Compromise seems to be the theme of Gage’s fifth issue of the season, as we see our core characters of Buffy and Willow each forced to accept choices they are not completely comfortable with in an attempt to survive the dire situation they find themselves in. Buffy has taken on a position that aligns her with her oppressors and labels her a traitor among her supernatural peers, while Willow is considering draining other Wiccans’ magical abilities permanently so that they can escape the dangers of the camp and reenter society. While Willow is able to help a few of her friends get released from the camp, the concept of permanently removing someone’s connection to magic in exchange for their freedom is something the redhead compares to cutting off another’s hand.

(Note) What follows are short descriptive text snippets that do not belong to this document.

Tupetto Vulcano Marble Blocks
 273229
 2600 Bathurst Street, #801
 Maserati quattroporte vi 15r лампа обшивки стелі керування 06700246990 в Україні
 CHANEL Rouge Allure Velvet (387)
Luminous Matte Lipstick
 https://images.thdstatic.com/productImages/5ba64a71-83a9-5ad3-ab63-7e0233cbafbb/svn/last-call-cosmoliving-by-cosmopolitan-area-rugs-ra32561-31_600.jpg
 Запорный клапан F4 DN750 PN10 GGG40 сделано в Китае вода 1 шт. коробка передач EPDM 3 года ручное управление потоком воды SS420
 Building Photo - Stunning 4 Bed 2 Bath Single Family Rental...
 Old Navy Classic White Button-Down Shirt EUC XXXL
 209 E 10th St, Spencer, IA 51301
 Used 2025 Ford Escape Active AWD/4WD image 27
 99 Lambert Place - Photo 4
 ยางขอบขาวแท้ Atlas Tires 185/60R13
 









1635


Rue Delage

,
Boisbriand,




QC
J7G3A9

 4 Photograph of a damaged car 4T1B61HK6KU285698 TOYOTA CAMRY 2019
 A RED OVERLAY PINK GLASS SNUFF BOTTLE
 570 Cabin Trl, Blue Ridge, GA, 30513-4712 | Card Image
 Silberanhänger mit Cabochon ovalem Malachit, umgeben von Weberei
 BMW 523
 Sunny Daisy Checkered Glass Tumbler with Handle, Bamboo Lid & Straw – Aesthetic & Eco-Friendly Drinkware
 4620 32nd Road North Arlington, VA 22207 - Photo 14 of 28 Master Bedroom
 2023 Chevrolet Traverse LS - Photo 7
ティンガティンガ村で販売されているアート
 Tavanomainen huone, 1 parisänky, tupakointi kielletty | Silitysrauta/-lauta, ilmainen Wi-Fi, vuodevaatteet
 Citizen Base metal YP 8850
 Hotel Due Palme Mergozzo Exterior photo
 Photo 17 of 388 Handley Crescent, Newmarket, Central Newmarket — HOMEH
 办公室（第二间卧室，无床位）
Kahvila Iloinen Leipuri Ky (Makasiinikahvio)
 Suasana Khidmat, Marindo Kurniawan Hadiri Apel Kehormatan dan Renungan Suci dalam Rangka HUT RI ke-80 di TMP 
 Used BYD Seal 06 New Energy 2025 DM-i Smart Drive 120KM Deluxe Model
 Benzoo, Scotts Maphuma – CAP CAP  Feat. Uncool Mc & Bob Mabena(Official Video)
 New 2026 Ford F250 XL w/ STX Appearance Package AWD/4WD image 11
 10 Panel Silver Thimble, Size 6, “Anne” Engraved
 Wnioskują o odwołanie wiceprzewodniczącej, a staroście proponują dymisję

Still, she doesn’t rule it out, as it may mean the difference between life and death for the vulnerable Wiccans locked in with malnourished demons and vampires. And when it comes to Buffy, the unsavory association attached to her through her trustee’s badge is made chillingly clear when one of her supervisors allows the execution of a desperate amphibious prisoner attempting to escape in a particularly sobering moment for a series quite accustomed with violence towards demons.
Jeanty, once again, is a joy to have back on a Buffy book. His pencils are amazing, beautiful, and full of energy. There’s a reason Jeanty was hand-picked by Joss Whedon as the comic artist to bring the first canon Buffy series to life, and Buffy: Season 11 #5 clearly demonstrates the skills that won him that noteworthy position. Further more, Jeanty’s art is only improved by the bold inks of Dexter Vines and vibrant colors of Dan Jackson.
- In this issue, Buffy takes on the roll of protector once again. In all honesty, being a trustee isn’t that much different than the type of “slaying” Buffy’s been doing until recently in San Francisco. Over the years, the Slayer has morally matured and advanced to a place where she doesn’t mindlessly slaughter any random vampire or demon she crosses paths with. In the most current seasons, Buffy spends more time operating as a peacekeeper between supernatural and natural beings, and this is a very similar duty to her mission inside the “safe zone.”
- There’s something very ominous about Willow’s question to Buffy about whether the government safe zones are still temporary and will eventually be shut down. In addition, what’s in the restricted areas Buffy’s denied access to? What secret project does the government have the demon crews working on? And, as Willow asked, why is “a government cracking down on magic” building something that uses magic? What do they intend for the detainees filling these safe zones? While Willow is on edge, maybe even a little more than the others, it feels like something big (and most likely terrifying) is just around the bend for our characters and, possibly, the Buffyverse in general.
Buffy: Season 11 #5 is another big winner and one you can absolutely not miss if you’re a Buffy fan. This season represents some of Buffy’s best in the comic medium, and readers won’t be disappointed given the well-written characters, topical themes, and quality artists attached to the series.
Buffy: Season 11 #5 hits shelves today (Wednesday, March 22nd), so get out to your local comic book retailer and pick up a copy!
That’s all for now, my fellow comic book sniffers.